Created attachment 104261 [details] The names of files explain themselves This is Dell XPS L502x laptop with Intel i7 Quad-Core Sandybridge CPU. For no particular reason, the CPU gets full power-horse working and overheating in a random way, which causes the fan to spin crazily with huge noise. However, the temperature doesn't cool down that much, instead the computer shuts down itself sometimes after it reaches the critical point of 100 degree Celsius. It seems that the intel_pstate driver built-in the kernel is buggy. And observed solution from practical experience is to reboot or suspend the machine to cool it down a little bit. Looks like there is a weird gap in the algorithm that controls the CPU frequency scaling job. There is no regular behavior observed yet. But this CPU overheating problem does exist. Don't know what causes it to do heavy computing and overheating.
Created attachment 104271 [details] lscpu.txt
Created attachment 104281 [details] i7z.txt
Created attachment 104291 [details] sensors.txt
Created attachment 104301 [details] grub_config.txt
Hi, Could you provide what powertop and htop show during overheating? (including these tab, Overview Idle stats Frequency stats Device stats Tunables).
BTW, does this bug happen in the mainline(v3.10-rc5) kernel?
Well, I have been switched to 3.9.1-1 kernel for about 2 days, and so far so good , `cpupower` shows that intel_pstate driver which is built in works well. So there must be something different between this kernel and the latest 3.9.5-1 stock kernel . I haven't tried 3.10 kernel yet because it's not in the stable repository of my distribution( Archlinux here actually).

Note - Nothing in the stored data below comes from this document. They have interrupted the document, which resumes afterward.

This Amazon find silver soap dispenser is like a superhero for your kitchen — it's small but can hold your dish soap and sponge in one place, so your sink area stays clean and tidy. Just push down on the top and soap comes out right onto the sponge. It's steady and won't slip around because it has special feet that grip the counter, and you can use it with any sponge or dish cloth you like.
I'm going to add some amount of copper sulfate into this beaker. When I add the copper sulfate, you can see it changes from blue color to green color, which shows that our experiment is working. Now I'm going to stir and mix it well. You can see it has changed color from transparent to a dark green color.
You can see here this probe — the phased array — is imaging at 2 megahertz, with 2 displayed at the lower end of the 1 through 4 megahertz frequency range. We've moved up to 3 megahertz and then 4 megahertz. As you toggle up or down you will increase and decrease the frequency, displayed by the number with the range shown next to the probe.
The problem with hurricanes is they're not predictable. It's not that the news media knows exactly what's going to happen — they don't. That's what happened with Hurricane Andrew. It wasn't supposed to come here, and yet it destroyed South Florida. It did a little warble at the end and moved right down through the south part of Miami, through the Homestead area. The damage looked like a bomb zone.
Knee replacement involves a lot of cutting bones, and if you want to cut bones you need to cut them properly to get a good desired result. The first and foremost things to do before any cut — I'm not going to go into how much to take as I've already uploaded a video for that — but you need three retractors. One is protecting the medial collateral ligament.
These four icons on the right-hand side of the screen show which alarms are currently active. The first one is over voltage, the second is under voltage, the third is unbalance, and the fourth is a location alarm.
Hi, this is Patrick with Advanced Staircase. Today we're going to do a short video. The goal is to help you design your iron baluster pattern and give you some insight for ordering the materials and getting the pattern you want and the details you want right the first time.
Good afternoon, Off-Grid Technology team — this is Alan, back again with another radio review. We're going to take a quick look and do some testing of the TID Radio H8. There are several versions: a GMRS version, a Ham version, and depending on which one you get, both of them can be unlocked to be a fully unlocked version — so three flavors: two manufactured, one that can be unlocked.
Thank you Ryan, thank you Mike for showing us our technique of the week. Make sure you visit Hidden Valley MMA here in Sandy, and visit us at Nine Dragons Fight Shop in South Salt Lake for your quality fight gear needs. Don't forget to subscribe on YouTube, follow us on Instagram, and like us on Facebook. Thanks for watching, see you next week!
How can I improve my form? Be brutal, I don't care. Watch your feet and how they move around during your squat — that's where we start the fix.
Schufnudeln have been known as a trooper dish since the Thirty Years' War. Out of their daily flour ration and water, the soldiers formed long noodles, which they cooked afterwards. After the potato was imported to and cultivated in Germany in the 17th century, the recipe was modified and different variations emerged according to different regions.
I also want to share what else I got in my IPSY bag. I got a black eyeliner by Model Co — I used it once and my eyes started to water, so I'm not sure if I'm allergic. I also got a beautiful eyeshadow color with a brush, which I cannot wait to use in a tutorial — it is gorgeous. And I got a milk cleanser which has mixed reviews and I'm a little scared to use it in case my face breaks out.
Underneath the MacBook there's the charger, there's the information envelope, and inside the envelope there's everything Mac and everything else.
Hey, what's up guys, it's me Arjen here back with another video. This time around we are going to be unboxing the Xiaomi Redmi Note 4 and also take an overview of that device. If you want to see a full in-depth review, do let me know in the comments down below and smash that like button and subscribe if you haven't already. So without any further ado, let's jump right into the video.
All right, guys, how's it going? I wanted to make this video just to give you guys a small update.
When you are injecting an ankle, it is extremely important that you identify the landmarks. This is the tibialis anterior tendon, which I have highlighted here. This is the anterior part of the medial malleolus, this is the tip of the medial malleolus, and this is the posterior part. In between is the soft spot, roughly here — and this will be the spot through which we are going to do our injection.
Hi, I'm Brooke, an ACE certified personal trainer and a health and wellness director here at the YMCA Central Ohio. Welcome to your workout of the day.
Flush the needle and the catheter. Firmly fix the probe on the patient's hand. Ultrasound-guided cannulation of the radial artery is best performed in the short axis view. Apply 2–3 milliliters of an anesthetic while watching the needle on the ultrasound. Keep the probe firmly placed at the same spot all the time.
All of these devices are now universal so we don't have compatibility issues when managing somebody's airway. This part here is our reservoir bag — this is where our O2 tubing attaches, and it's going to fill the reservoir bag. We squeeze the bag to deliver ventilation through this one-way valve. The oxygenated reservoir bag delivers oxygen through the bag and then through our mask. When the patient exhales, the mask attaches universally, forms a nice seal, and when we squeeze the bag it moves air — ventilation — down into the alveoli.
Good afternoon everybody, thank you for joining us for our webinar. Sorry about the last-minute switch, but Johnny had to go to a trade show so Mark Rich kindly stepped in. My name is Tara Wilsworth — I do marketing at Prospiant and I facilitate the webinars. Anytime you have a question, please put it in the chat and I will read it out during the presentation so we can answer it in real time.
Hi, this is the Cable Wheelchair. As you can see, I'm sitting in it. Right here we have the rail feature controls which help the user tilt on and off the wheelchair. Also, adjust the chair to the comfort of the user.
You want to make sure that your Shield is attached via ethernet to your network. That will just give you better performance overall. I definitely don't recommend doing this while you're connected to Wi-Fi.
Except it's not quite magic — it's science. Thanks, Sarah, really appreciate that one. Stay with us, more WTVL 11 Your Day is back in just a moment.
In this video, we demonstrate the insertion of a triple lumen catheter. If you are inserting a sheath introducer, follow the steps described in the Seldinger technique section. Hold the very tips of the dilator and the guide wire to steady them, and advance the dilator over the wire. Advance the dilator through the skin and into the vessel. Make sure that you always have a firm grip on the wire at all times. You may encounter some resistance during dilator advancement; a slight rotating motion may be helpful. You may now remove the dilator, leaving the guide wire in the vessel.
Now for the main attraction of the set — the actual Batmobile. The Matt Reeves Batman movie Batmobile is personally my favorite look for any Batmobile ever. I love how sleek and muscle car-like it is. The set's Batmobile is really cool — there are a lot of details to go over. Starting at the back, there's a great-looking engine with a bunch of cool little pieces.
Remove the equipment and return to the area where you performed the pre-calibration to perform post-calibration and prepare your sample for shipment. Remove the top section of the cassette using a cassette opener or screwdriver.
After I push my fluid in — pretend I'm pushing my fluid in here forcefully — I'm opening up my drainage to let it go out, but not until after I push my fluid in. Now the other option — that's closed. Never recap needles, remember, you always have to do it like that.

This seems a regression between stable 3.9.1 and stable 3.9.5. Could you further narrow the gap or do a bisect? From your description, there is no a direct way to produce the bug since it takes place randomly, right? It's better to check whether the issue exists in the latest mainline kernel v3.10-rc5 because this may have been resolved.
I have tested the 3.9.6 stock kernel from my distribution and the problem remains, so I have to wait for the next main line release of 3.10 which will be ready. Now I'm running on 3.9.1 which works very well. No such problem observed.
(In reply to comment #9) > I have tested the 3.9.6 stock kernel from my distribution and the problem > remains, so I have to wait for the next main line release of 3.10 which will > be > ready. > Now I'm running on 3.9.1 which works very well. No such problem observed. Hi: Could you do bisect between 3.9.1 and 3.9.5? Or Just try 3.9.2, 3.9.3 ... Since it's hard to reproduce the bug. And then we can find the first bad version. (In reply to comment #5) > Hi, Could you provide what powertop and htop show during overheating? > (including these tab, Overview Idle stats Frequency stats Device stats > Tunables). Could you provide these info?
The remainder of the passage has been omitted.